Tuesday, June 15, 2021

How To Get Poetry (Part 1)

[I wrote this in 2019, and just decided to post it here. Then I made a follow-up post.]

Someone observed to me the other day that poetry does not seem to “land” for them the way that it does for me. I want to try naming at least one thing I think poetry lovers (whom I know) are doing differently than people who don’t quite “get” poetry.

I’m not sure there is one central thing, but if there is, my guess is that it’s a matter of approach.

Anybody reading this is familiar with reading in general. At the very least, you read blog posts. You probably read Tweets or Reddit threads. And you read books.

In all of these, we tend to be focused on what happens, or maybe what it means. The words we write, read, and speak are useful for communicating about events and states of affairs. If we read “the candidate won the popular vote, but lost the electoral vote”, we make an update, then move on to consider the implications. The phrase itself is immediately discarded, like the flesh of a juiced orange. That’s usually how language works.

But it’s not how poetry works. A very common way to prevent a poem from “landing” is to go in, gather info, and get out. You may not realize you’re doing this, even if you are, because it just feels like “reading”.

But it may feel like “reading, plus some other things”. I expect you can tell you’re approaching a poem this way if you recognize a background sense of searching, impatience, or frustration while reading, or if salient questions in your mind include things like, “What is this about?” and “What is the point?”.

I notice I’m delaying describing a better way to approach poetry. I’m delaying because I feel embarrassed. I feel as though I’m taking my clothes off to prepare for an arcane ritual I perform regularly, only today lots of people are watching, and they don’t necessarily know what’s happening. I’ll try it anyway. Here we go.

Poetry is intimate. It’s like a parent breastfeeding their newborn, or a husband comforting his wife with caresses after a loss, or the look of pride shared between a teacher and her favorite student during graduation. The way you would approach one of those situations is similar to how I think you should approach a poem, if you want to receive it as it was designed. Do not juice the words and throw away the rind.

The poetic experience is not one of updates or insights. Poems often ride on described events or on propositions, but they are not the stories they tell, and they're not the claims they make.

The sound of the words, the feel on your tongue, the dozens of associations an image might conjure for you, the felt shifts in your body, the rhythmic patterns, the emotions that dawn or ambush or flow, the way they superimpose, the moments when the pattern stumbles, the tiny pieces of sound or structure or concept that echo in later lines - these are what the purely poetic experience is made of.

And when you set out to read a poem… no, “read” is misleading here. Poetry is language transubstantiated in a chalice. When you set out to ingest a poem, to take it into your body and make it a part of yourself, you have to shift your mind out of its habitual relationship to language, and toward a state of extraordinary receptivity and participation.

Imagine that you are newly in love.

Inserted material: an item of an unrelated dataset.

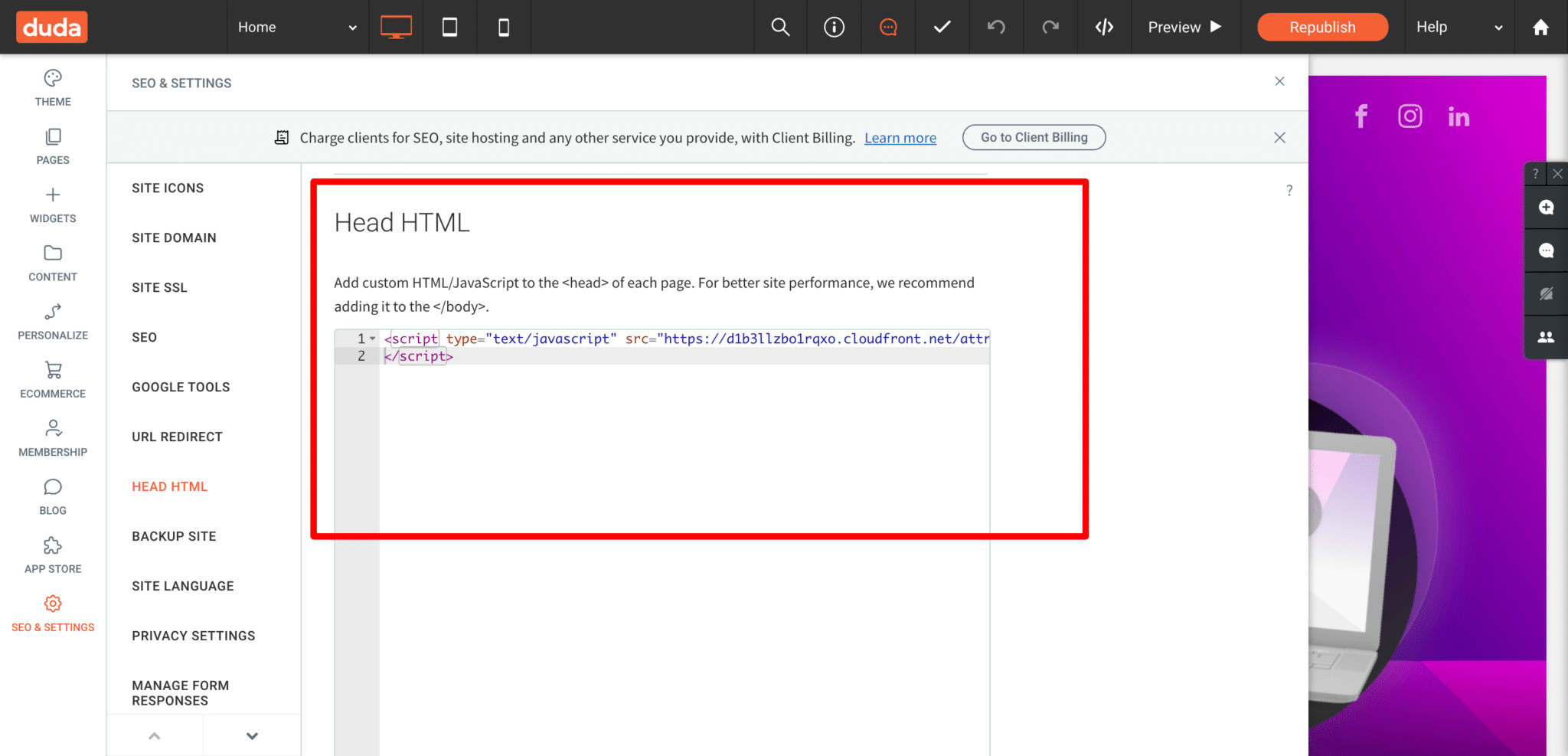 Add code to your Duda website | Attributer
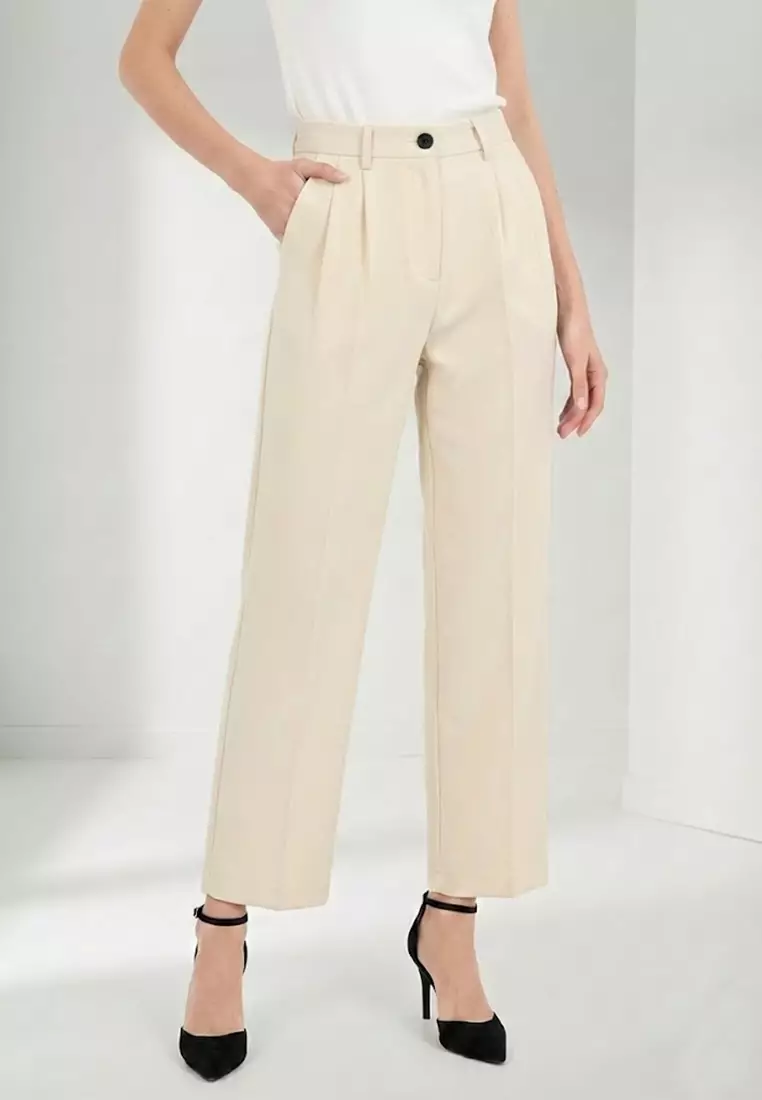 High Waisted Relaxed Straight Leg Stretch Trousers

When you wake up beside the one you love, you have the chance, for the first time, to watch them sleeping.

How does your mind move, in that moment? What allows you to rest your attention on the shape of their shoulder, the scent of their hair? What invites the full emotive force of your imagination, as you remember the time they kissed your palm?

If you can move your mind deliberately to that place, and let it rest there indefinitely, you are ready for poetry.